Radars photo: quand David fait trébucher Goliath
Au Québec, la sécurité routière est très présente dans l’actualité. En fait, l’argument soulignant l’importance de la sécurité routière vient légitimer, jusqu’à un certain point, plusieurs formes de contrôle social formel dont les radars photo font partie. Fin novembre 2016, un verdict décisif est tombé: la manière d’appliquer la loi par ces outils technologiques est déficiente, voire illégale. C’est ce qui ressort des propos de l’honorable juge Serge Cimon dans son jugement.
Une automobiliste reçoit une contravention pour avoir circulé à 141 km/h dans une zone de 70 km/h. Un grand excès de vitesse qui lui coûte 1160 $. L’Infraction est contestée et la Couronne a le fardeau de présenter une preuve hors de tout doute raisonnable. Ce test de la cour ne sera pas réussi, ce qui portera un sérieux coup concernant l’usage de ces appareils.
Dans son jugement, le juge Cimon qualifie la preuve présentée de déficiente. Plus précisément, la faille relevée par la défense relève du fait que la preuve constitue du « ouï-dire », ce qui n’a aucune valeur probante à la cour. Ici, c’est l’aspect normatif qui est remis en question.
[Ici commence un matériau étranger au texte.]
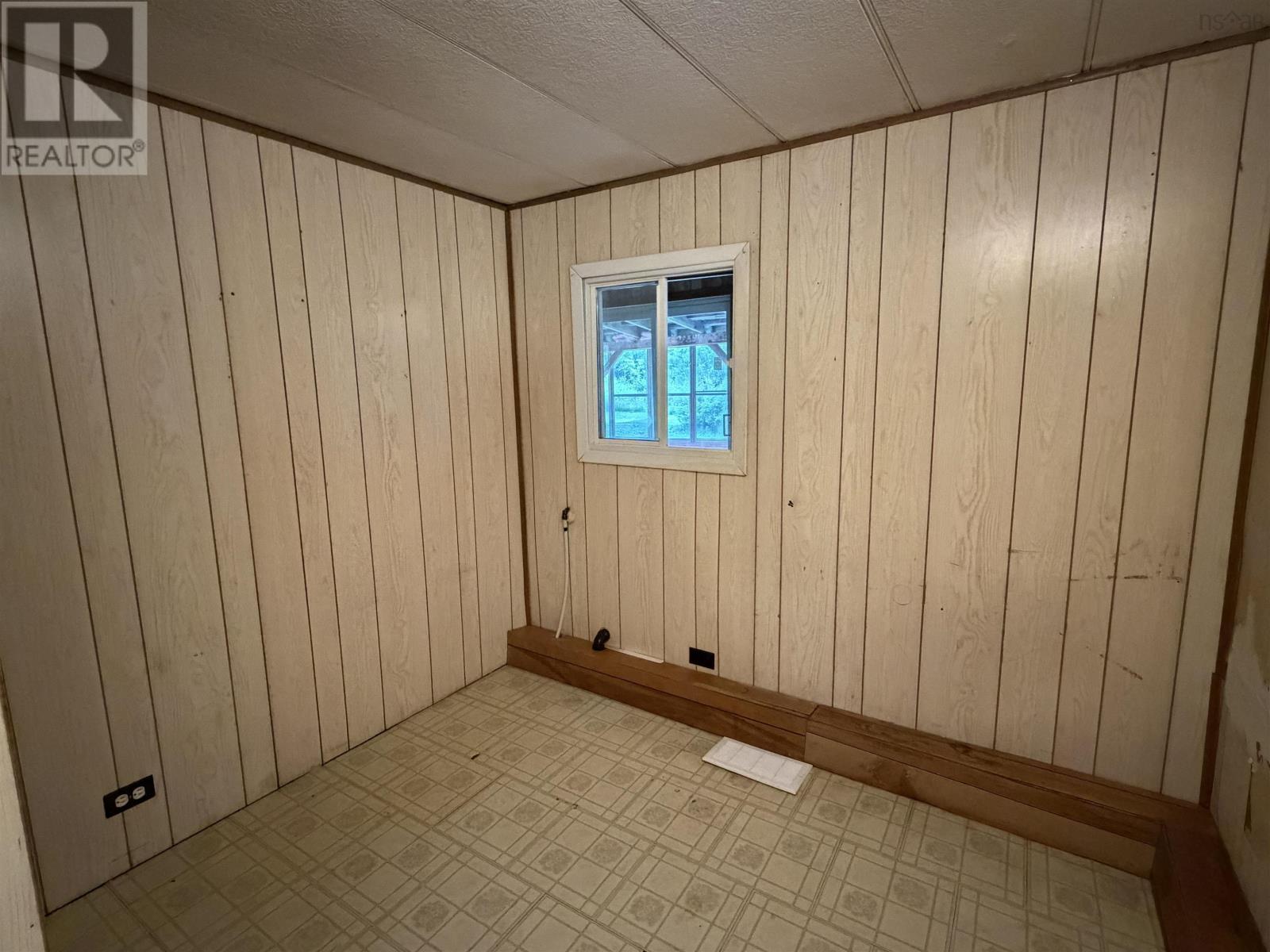 3561 Gairloch Road - 28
En effet, la façon de faire actuelle est-elle vraiment conforme à ce qui doit être fait ? Plus simplement, un policier ne peut attester par écrit la présence des panneaux affichant la limite de vitesse ainsi que la calibration de l’appareil s’il ne l’a pas lui-même constaté. Même si un collègue l’a fait. La cour n’accepte pas de preuves de « seconde main ».
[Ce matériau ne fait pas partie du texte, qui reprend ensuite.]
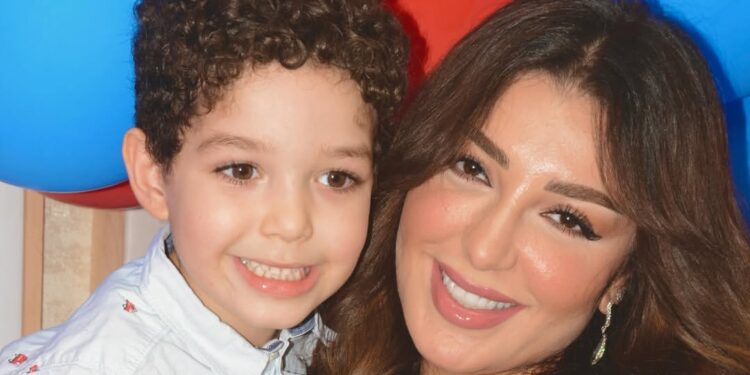 رجوى الساهلي تحتفل بعيد ميلاد نجلها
Le débat juridique met en lumière une autre observation: la demande de retrait du constat par la Couronne. On peut apprendre, toujours selon le jugement, que cette demande semble « motivée par le fait d’empêcher le Tribunal d’examiner la prétention de la défenderesse à l’effet que la preuve en matière de cinémomètre photographique fixe est basée sur une preuve par ouï-dire illégale et inadmissible ». Pourtant, une telle demande avait déjà été accueillie dans une cause antérieure. Cette fois-ci, cette requête ne sera pas acceptée afin de favoriser une décision sur le fond. La justice ayant suivi son cours, le jugement défavorable à l’utilisation des radars photo devra être pris sérieusement en considération dans la pratique future.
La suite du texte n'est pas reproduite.